Japan’s Nikkei (.N225) gained 1.1%, while MSCI’s broadest index of Asia-Pacific shares outside Japan (.MIAPJ0000PUS) rose 0.67%, also helped by the first direct talks between negotiators in the Russia-Ukraine conflict in more than two weeks, even as fighting raged on.
The BOJ vowed to keep monetary policy ultra-loose, offering to buy unlimited amounts of 10-year government bonds to prevent yields in Japan from rising as they are doing elsewhere following U.S. Federal Reserve’s moves to hike interest rates in the face of mounting inflationary pressures.
The central bank was finding it tough going, however, as the 10-year JGB yield JP10YTN=JBTC stood at 0.245% hovering near the BOJ’s implicit 0.25% cap.
This also weighed on the yen, which was at 123.54 per dollar JPY= even after staging a small recovery from its bruising the day before.
Meanwhile, oil prices weakened as traders expected China’s economy to suffer in the country’s fight against renewed outbreaks of COVID-19.

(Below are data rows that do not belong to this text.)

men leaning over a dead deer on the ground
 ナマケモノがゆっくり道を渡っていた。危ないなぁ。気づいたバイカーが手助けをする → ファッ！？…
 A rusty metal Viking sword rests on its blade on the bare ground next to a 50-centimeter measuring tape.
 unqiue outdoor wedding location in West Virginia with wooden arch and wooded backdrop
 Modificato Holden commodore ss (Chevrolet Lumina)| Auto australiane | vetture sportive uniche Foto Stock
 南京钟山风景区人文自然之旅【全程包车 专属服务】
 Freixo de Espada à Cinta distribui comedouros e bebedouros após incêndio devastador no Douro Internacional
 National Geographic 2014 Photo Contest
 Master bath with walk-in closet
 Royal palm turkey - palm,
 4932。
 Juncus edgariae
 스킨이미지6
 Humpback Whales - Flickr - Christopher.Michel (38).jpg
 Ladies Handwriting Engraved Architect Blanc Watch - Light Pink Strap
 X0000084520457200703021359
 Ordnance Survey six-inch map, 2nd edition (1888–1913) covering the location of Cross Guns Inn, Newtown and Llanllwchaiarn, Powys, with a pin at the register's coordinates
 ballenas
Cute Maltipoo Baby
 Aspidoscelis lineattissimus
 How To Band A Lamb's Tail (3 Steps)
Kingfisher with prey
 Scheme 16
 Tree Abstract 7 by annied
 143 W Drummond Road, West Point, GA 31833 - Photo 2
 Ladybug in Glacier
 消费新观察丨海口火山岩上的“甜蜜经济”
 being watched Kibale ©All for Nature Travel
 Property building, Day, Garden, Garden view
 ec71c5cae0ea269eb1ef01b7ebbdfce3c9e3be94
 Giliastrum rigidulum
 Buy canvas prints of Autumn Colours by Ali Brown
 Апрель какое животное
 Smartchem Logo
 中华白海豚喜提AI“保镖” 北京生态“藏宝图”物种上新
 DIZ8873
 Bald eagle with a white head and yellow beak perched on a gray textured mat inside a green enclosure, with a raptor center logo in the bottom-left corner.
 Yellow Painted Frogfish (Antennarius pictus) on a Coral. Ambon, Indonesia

U.S. crude CLc1 lost 0.7% to $105.17 per barrel and Brent LCOc1 was at $111.65, also down 0.7%.
China’s financial hub of Shanghai on Tuesday tightened the first phase of a two-stage COVID-19 lockdown, after it reported a record 4,381 asymptomatic COVID-19 cases and 96 symptomatic cases for March 28 – though the caseload remains modest by global standards.
Chinese blue chips .CSI300 lost 0.43%, while Hong Kong’s Hang Seng index .HSI rose 0.76%.
Yields on U.S. benchmark 10 year treasury notes US10YT=RR were steady at 2.4716%, little changed on the day due to a pause in the sharp sell-off seen in recent days.
However, two-year yields US2YT=RR rose as far as 8.2 basis points to a nearly three-year peak of 2.421%, causing the gap between two- and 10-year yields to narrow to its tightest since early 2020.